──────── Listed records ────────

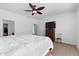 Well-lit main bedroom featuring carpet flooring, a ceiling fan, and a comfortable bed with white linens at 393 S Soledad Ln, Casa Grande, AZ 85194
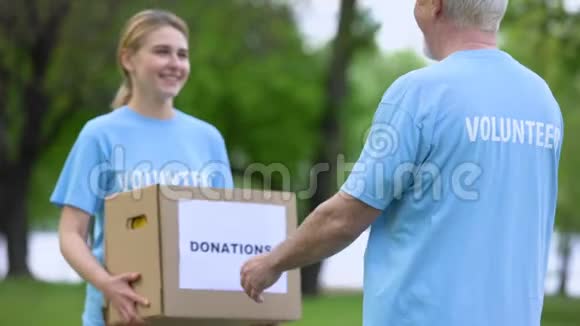 微笑青年妇女向高级志愿者捐赠捐款箱视频的预览图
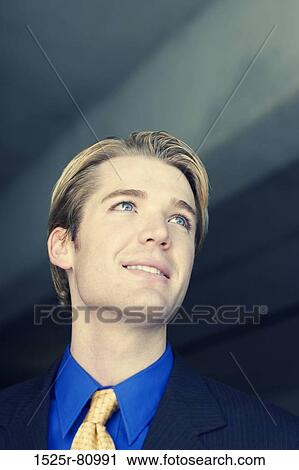 Businessman looks ahead and smiles as he looks up View Large Photo Image Stock Image - Businessman looks ahead and smiles as he looks up. Fotosearch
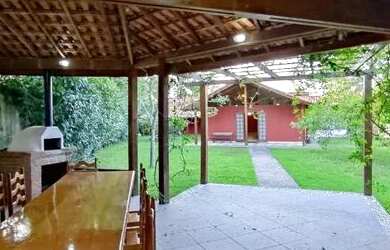 Imagem: A casa em condomínio possui 4 Dormitórios, 4 Banheiros, 4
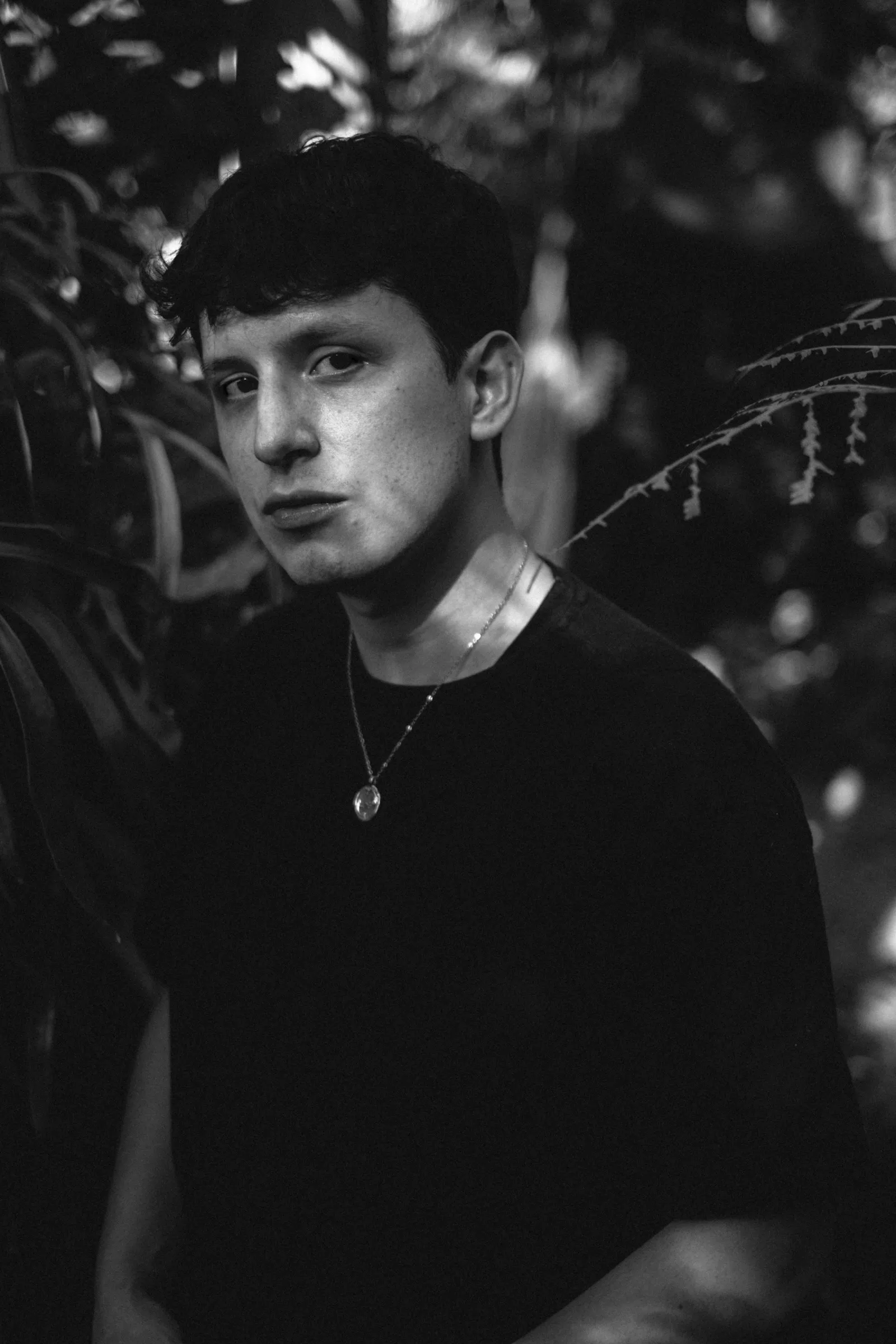 Retrato de Chéri entre plantas, en blanco y negro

────────

● **Activity**
The material above must be set down word for word, with no picture carried over.

● **Completed task**
 Well-lit main bedroom featuring carpet flooring, a ceiling fan, and a comfortable bed with white linens at 393 S Soledad Ln, Casa Grande, AZ 85194
 微笑青年妇女向高级志愿者捐赠捐款箱视频的预览图
 Businessman looks ahead and smiles as he looks up View Large Photo Image Stock Image - Businessman looks ahead and smiles as he looks up. Fotosearch
 Imagem: A casa em condomínio possui 4 Dormitórios, 4 Banheiros, 4
 Retrato de Chéri entre plantas, en blanco y negro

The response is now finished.